If your having probs call a NICEIC registered electrician, if they don't know then they can call the NIC and find out, the NIC know everything! Don't do it yourself because it will need testing afterwards on the appropriate documents


----------



## Mattman (Jan 6, 2012)

If your having problems then get a NICEIC registered sparks, if they don't know then they can call the NIC because they know everything n I mean absolutely everything without even turning the front cover of the regs book! Don't do it your self because it will have tobe tested after giving u the proper documents to handover


----------



## Specialist (Nov 18, 2011)

Hi Mattman: Sorry to Dissilusion you but the NIC don't know everything, far from it.
As for getting an NICEIC registered Electrician in to do something, your just as likely to pick an incompetent Electrician doing that as you are using an Unregistered 1. Take it from someone who knows, after spending years clearing up the mess after both types, Registration with the NIC is not guaranteed to mean your a good Electrician.


----------



## Mattman (Jan 6, 2012)

Ur right, I'm just speaking from the experience I've had with them. On the occasions that ive dealt with the NIC they have known absolutely everything I throw at them. I ring them maybe once or twice a month, I'm not NIC registered yet but plan tobe only because clients tend to trust sparkys that are registered with them.
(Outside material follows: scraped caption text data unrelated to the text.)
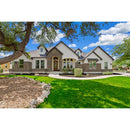 Stylish two-story house with a well-maintained lawn and trees under a blue sky.
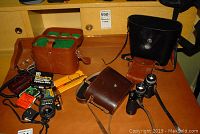 Three sets of binoculars in leather cases laid on a wooden surface along with a brown leather camera bag and various camera accessories including exposure meters and filters.
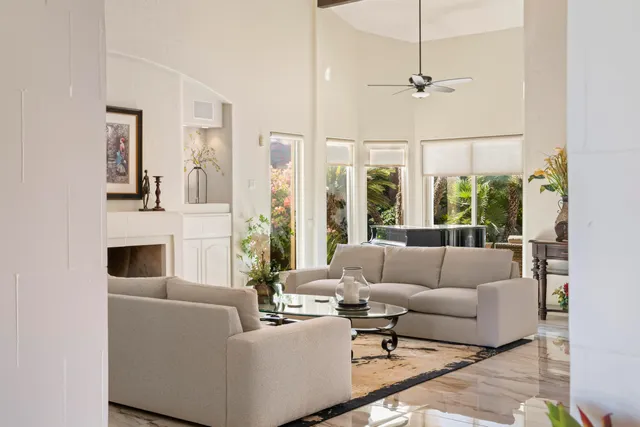 a living room with furniture fireplace and window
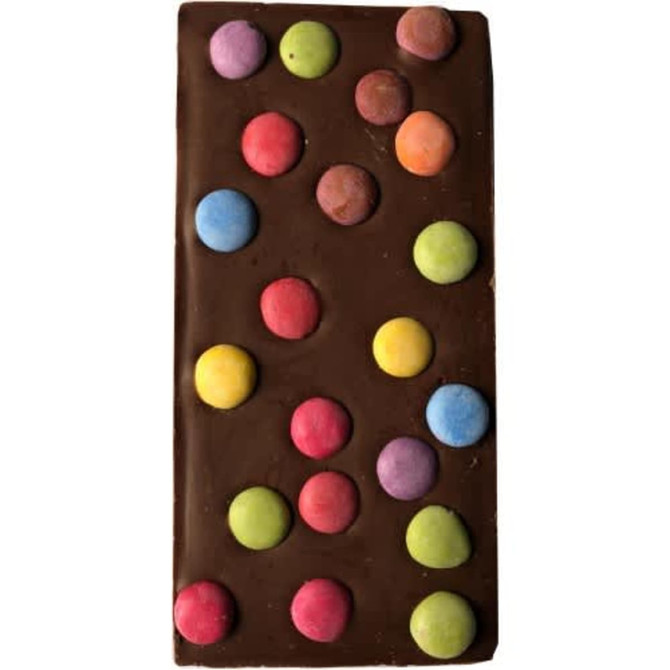 A chocolate bar with a smooth dark brown surface adorned with colourful, round candy spots in pink, blue, green, and yellow.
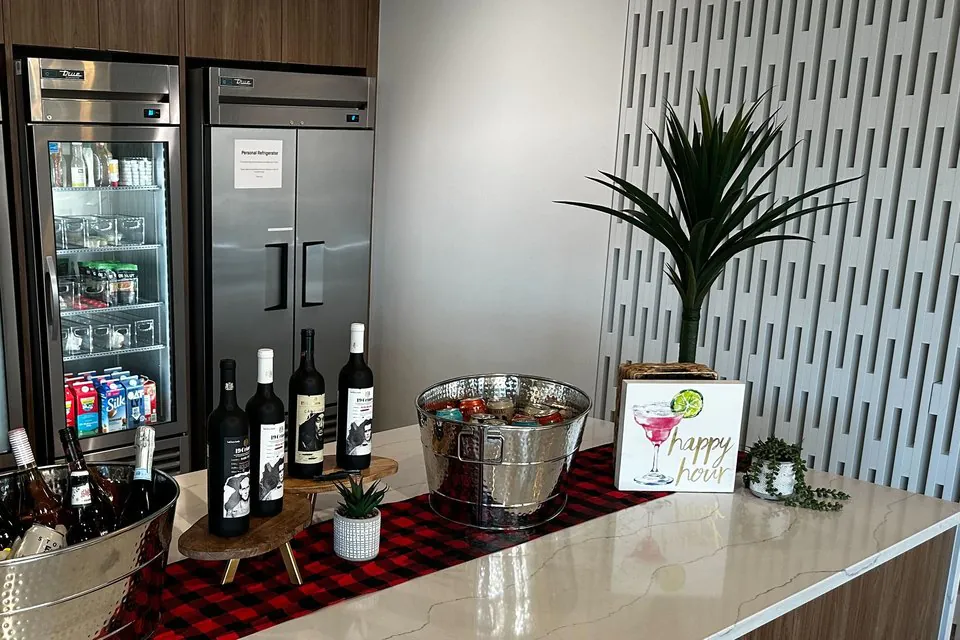 Self-serve office happy hour bar with hammered metal ice tubs of wine and canned beverages, wine bottles on a wood riser, and a small happy hour sign on a kitchen counter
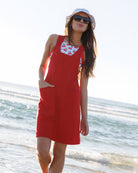 Woman in a red dress with floral pattern on a beach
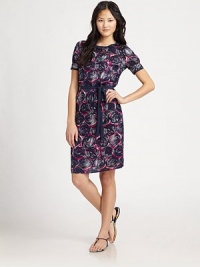 This beautifully printed silky style is cinched at the waist with a ribbon tie.Jewel necklineShort puffed sleeves with button cuffsContrast pipingContrast ribbon sashBack keyhole with button closureFully linedAbout 36¼ from shoulder to hem55% rayon/45% silkDry cleanImportedModel shown is 5'10 wearing US size 4.OUR FIT MODEL RECOMMENDS ordering true size. This beautifully printed silky style is cinched at the waist with a ribbon tie.Jewel necklineShort puffed sleeves with button cuffsContrast pipingContrast ribbon sashBack keyhole with button closureFully linedAbout 36¼ from shoulder to hem55% rayon/45% silkDry cleanImportedModel shown is 5'10 wearing US size 4.OUR FIT MODEL RECOMMENDS ordering true size.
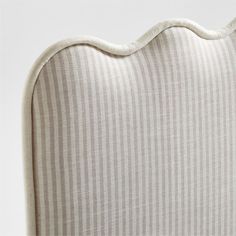 an upholstered headboard with white and grey stripes on the back, in front of a white background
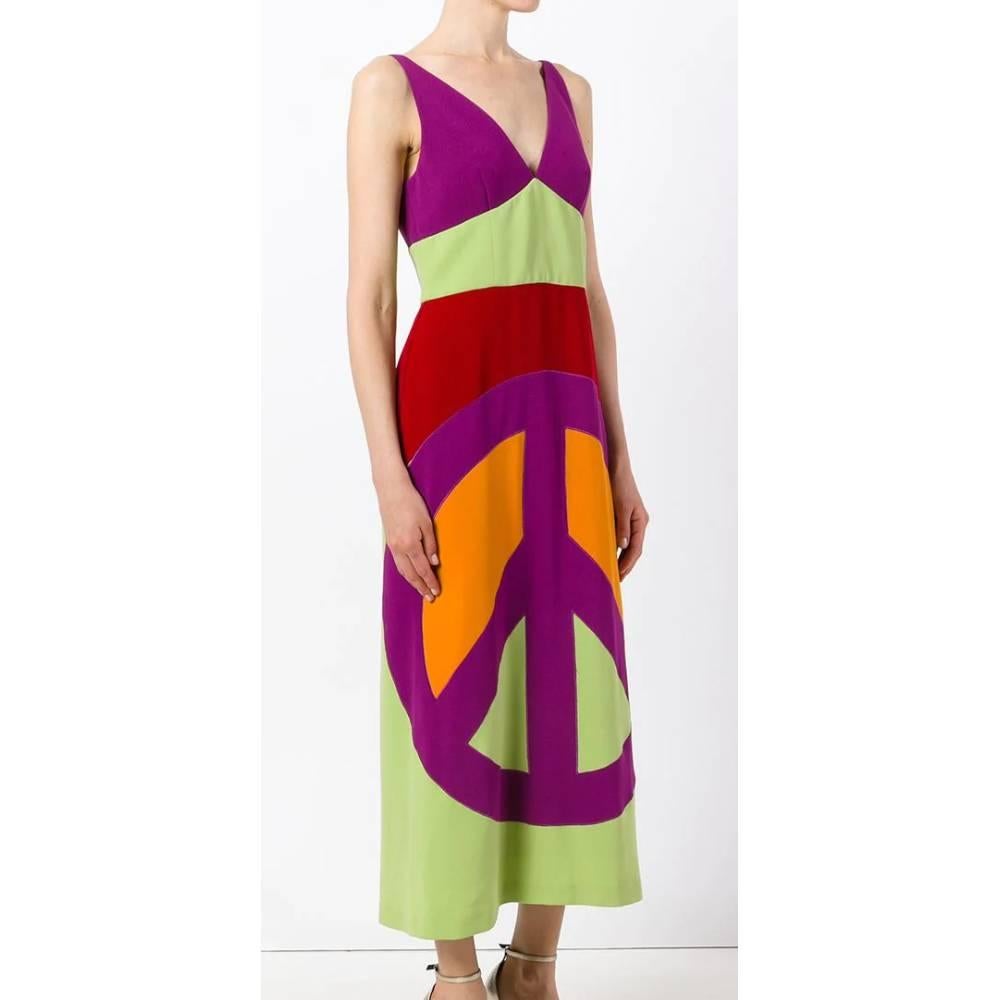 Moschino long multicolored dress with large peace symbol printed on the length of the skirt. V-neck and sleeveless, back closure with hidden zip. Ankle length.
Years: 2000s

Size: 42 IT

Linear measures

Height: 130 cm
Bust: 42 cm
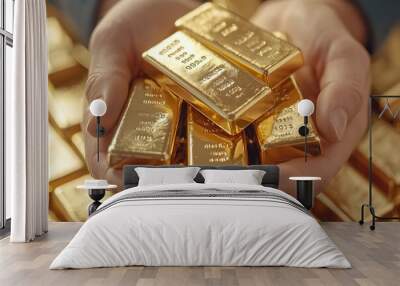 A close-up of hands holding multiple small gold bars, symbolizing wealth, finance and gold investment. Wall mural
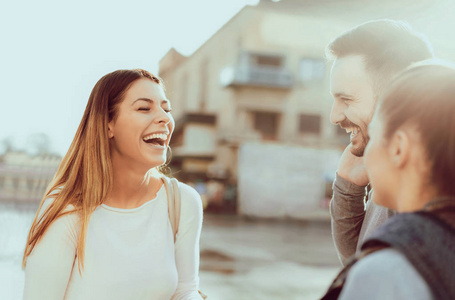 建筑的朋友在一个阳光明媚的日子里,三个快乐的朋友在街上聊天,背景是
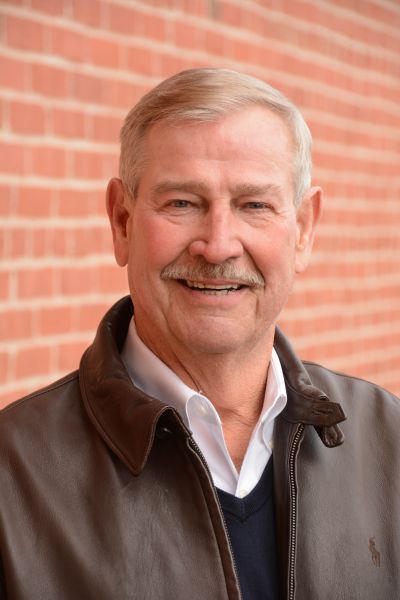 A man wearing a brown leather jacket and a white shirt is smiling in front of a brick wall.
I agree also that even registered sparks can mess up a job, it drives me insane going to a job where a NIC spark has done work and its like a child has done it. I love being an electrician, I really do, nothing makes me happier then lookin back at my work knowing that what I've done is perfect. Sayin that, I would always recommend a spark that is NIC registered because If they have the ability to sign off a job with the paper work then they can be held accountable. There's a lot of good sparks out there, but the bad ones are giving us a bad name with over pricing, bad work and generally being useless!


----------



## pep-electric.co.uk (Jan 20, 2012)

*Always armour if You have a doubt*

In my opinion You should always do better what is the plan. If You have a doubt this is sign should be armored etc...

Regards

http://pep-electric.co.uk


----------



## peterkenney (Mar 2, 2012)

i gotta put a dedicated cu on henley blocks for a pv system ,its a 16a breaker what rating does it have to be , and what size tails anybody


----------